But the number of innovative ideas is actually relatively low. We need them, right? And innovation creates a whole new opportunity. Like when some guy invented the internet, right? Like, that was a big thing. The million people that wrote software against that were mostly doing engineering software writing. So the elaboration of that idea was huge.
- I don't know if you know Brendan Eich, he wrote JavaScript in 10 days. And that's an interesting story. It makes me wonder, and it was, you know, famously for many years considered to be a pretty crappy programming language. Still is, perhaps. It's been improving sort of consistently.
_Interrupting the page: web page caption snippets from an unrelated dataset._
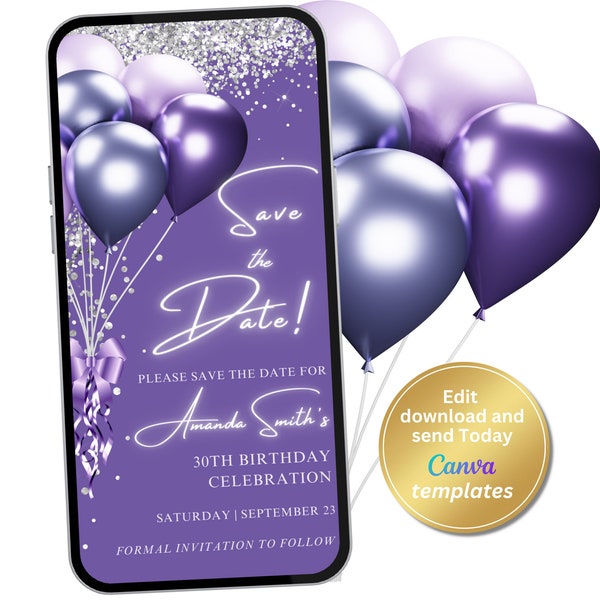 Digital Purple Save The Date Invitation, Phone Text Message Evite, Editable Template, Instant Download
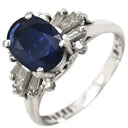 ノンブランド NON BRAND ブルーサファイア 2.26ct ダイヤ 0.64ct ブルー✕プラチナシルバー Pt900 サファイア ダイヤモンド リング 指輪 青 Pt900 プラチナ オーバルミックスカット ヘイローデザイン 14号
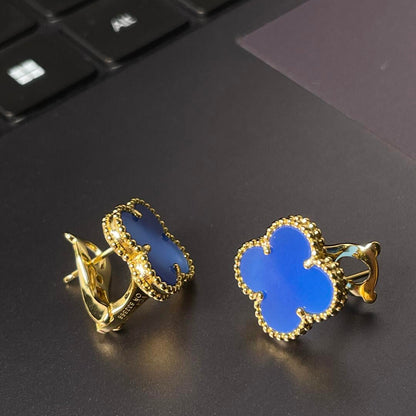 [lume Jewelry] CLOVER LARGE (20mm) 1 MOTIFS BLUE MOP STUD EARRINGS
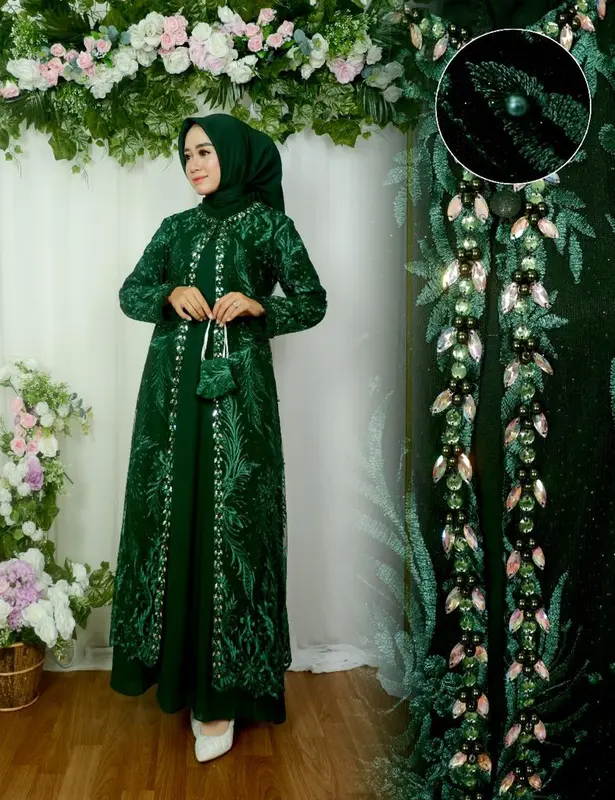 Gamis Gina Dress Outer Lepas Pasang Free Hijab - Gamis Pesta 4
But the interesting thing about that guy is, you know, he doesn't get any awards.
(laughs) You don't get a Nobel Prize, or a Fields Medal, or-- - For inventing a crappy piece of, you know, software code that-- - Well, that is currently the number one programming language in the world, and runs, now is increasingly running the back end of the internet. - Well, does he know why everybody uses it?
Like, that would be an interesting thing. Was it the right thing at the right time? 'Cause like, when stuff like JavaScript came out, like there was a move from, you know, writing C programs in C++ to, let's call it, what they call managed code frameworks. Where you write simple code, it might be interpreted, it has lots of libraries, productivity is high, and you don't have to be an expert.
So, you know, Java was supposed to solve all the world's problems, it was complicated. JavaScript came out, you know, after a bunch of other scripting languages. I'm not an expert on it, but-- - Yeah. - But was it the right thing at the right time? - The right thing at the right-- - Or was there something, you know, clever?
'Cause he wasn't the only one. - There's a few elements. - And maybe if he figured out what it was. - No, he didn't-- - Then he'd get a prize. (laughs) Like that's-- - Constructive theory. - Yeah, you know, maybe his problem is he hasn't defined this. - Or he just needs a good promoter.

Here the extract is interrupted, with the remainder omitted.